Much of the discussion will occur over dinner or about the food itself, so make sure what you serve suits everyone’s tastes. Send an email or text message to everyone invited and ask if they have any dietary restrictions you should account for (the last thing you want is someone getting sick because they did not realize your dish included ingredients they are allergic to). You don’t have to plan a three-course meal, but it should be something that everyone can enjoy and doesn’t overwhelm you. Make sure everything is waiting for attendees when they arrive and set them up near the beverage station.
Get people talking
Even if a guest or two does not particularly like your meal choices, they will most likely be polite about it. The conversation aspect of the evening is what causes many hosts anxiety. Keep in mind that your guests are nervous about this too, so they will lean on the hosts to steer discussion and prevent awkwardness.
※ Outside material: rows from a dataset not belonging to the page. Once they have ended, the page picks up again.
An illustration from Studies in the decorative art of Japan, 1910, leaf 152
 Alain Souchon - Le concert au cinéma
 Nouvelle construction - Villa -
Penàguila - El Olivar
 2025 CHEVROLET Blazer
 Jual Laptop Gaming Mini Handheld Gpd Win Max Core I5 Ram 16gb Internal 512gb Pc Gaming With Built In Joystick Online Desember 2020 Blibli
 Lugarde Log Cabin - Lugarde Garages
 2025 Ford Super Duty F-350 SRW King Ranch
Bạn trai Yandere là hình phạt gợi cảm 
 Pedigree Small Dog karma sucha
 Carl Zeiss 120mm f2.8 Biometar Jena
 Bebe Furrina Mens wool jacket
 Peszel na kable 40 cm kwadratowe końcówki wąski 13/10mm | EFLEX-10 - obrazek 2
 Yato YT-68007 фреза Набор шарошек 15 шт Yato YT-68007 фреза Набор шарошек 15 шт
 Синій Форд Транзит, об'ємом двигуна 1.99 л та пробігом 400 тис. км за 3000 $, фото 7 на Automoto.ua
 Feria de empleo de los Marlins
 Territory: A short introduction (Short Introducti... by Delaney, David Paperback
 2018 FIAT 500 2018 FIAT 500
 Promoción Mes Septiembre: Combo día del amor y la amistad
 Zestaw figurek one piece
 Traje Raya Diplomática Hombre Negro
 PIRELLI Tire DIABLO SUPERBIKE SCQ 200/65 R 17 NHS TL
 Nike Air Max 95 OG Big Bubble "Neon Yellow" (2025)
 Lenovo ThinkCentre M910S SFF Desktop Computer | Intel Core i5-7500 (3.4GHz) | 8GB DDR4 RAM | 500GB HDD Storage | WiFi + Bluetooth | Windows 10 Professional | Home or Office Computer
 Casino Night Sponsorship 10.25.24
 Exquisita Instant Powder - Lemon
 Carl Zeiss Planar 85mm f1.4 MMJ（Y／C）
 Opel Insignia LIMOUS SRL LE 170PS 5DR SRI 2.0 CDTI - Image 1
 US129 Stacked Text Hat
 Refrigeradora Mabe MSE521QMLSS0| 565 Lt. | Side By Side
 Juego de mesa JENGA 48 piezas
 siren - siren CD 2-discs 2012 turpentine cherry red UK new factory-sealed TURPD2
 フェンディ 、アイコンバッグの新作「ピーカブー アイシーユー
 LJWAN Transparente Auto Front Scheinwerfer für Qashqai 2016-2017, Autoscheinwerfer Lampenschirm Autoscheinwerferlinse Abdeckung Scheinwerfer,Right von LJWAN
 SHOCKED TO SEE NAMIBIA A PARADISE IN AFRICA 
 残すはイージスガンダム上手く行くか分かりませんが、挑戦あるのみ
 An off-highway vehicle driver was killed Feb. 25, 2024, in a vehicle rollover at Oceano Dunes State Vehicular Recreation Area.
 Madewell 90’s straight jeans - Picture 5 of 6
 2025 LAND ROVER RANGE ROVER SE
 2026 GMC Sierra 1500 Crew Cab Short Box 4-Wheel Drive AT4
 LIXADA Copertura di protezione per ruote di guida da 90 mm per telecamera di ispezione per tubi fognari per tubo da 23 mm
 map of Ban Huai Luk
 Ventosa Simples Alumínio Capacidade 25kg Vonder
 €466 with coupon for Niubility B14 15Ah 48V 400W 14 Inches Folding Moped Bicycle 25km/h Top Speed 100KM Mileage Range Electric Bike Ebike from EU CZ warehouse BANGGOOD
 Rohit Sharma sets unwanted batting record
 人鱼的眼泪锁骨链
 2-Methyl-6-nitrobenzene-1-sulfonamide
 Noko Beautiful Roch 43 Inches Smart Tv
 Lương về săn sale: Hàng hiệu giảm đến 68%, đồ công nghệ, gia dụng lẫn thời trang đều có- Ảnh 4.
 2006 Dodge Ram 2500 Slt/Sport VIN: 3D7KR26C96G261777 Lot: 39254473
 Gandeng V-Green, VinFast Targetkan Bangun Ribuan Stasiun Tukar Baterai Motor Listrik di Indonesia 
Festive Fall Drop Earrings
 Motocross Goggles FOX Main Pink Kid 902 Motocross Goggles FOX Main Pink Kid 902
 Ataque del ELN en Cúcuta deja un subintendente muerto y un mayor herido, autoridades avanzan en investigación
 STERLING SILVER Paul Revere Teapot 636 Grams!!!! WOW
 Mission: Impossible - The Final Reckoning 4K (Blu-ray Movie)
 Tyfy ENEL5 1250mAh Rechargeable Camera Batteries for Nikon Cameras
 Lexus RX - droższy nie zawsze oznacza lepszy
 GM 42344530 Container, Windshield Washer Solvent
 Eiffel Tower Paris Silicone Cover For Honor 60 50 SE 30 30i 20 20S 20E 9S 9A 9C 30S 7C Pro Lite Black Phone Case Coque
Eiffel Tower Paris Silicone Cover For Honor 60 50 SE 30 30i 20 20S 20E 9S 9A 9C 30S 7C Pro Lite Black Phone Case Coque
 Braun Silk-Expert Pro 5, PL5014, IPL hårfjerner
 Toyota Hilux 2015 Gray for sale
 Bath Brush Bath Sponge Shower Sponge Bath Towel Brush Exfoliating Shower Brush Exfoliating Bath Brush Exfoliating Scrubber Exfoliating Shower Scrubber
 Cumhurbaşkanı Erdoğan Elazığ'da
Warm up the crowd when they arrive and be sure to pay attention to all your guests individually. After dinner, take the time to visit each table and greet your guests. If you don’t know someone, start with an icebreaker such as, “Whose side of the family are you with? Where are you from?” These questions can open a conversational chain: “What did you like most about living there? What brought you here? Where is the rest of your family located?” Answer those same questions in turn. Compliment your guests on their elegant evening dress or suit—and of course, saying “Thank you for coming, we love seeing you here” will usually win you points.
Play games and dance
Some guests might be more hesitant to open up, so games are an excellent way to encourage conversation and get people out on the dance floor. You don’t want to be pushy, but sharing information in the context of a game gives people more incentive to share and get comfortable in the environment. Some great wedding games that help open up the dance floor include the dollar dance or anniversary dance.
Assess everyone present
When planning your seating arrangement, analyze how responsive people are to certain things. To avoid silences, take advantage of the chattiest of the bunch—but make sure that everyone has an opportunity to get a word in. Take notes regarding individuals’ senses of humor, their willingness to socialize, and what kind of information they share. As the host, you have the power to shape the evening’s conversation, so go with the flow, but include even the shyest of the bunch. Seat people together in a way that ensures everyone will have a good time.
Help your guests leave
One of the most awkward parts of the night is not always when people arrive. Instead, it’s when people are trying to leave. Not everyone may be able to tell if it’s appropriate to excuse themselves or if they should stay longer (and you don’t want them to remain all night, either). One way to hint that the evening is winding down is to offer coffee or tea. Once people finish their drinks, it’s a useful marker that it’s time to depart.
You and your friends have a “flow” that you and strangers do not. Interacting with people you are unacquainted with is often necessary when you’re getting married, but it doesn’t have to be intimidating. What do you aim to do when hosting a party for people you do not know well?